#### Exercise data
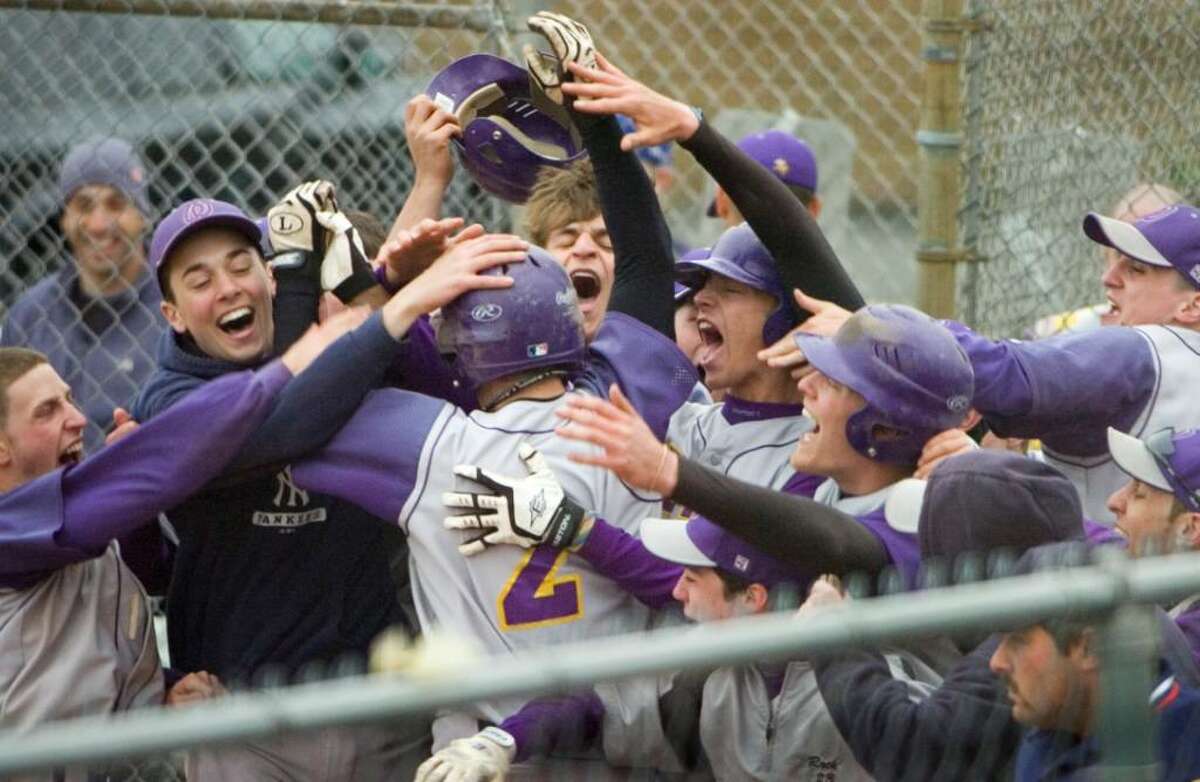 Westhill High School's #2 Tyler Rich is congratulated by the team as he runs across home plate after hitting a grand slam during a boys baseball game against Staples High Schoolin Stamford, Conn on April 16, 2010.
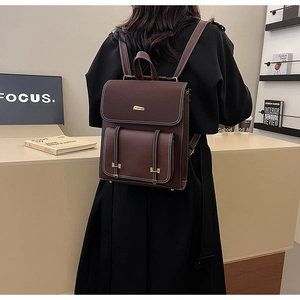 Rear view of vintage dark brown PU leather backpack with gold metal buckles on a model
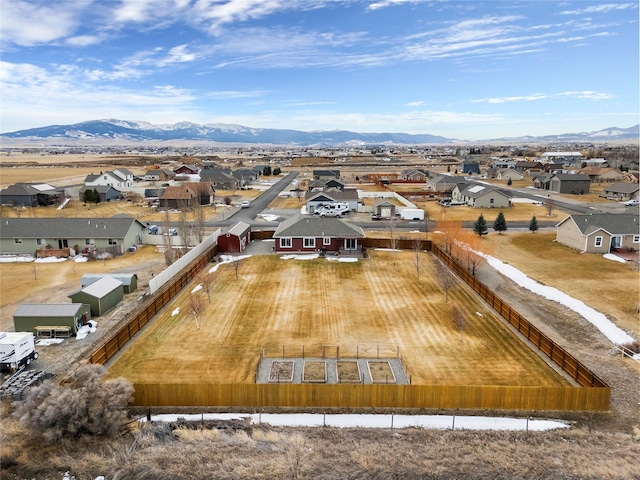 drone / aerial view featuring a mountain view and a residential view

#### What is expected
Word for word, restate the lines from the line containing "Rear view of" through the end of the data, including the first and last of them. Pictures stay out.

#### Exercise response
 Rear view of vintage dark brown PU leather backpack with gold metal buckles on a model
 drone / aerial view featuring a mountain view and a residential view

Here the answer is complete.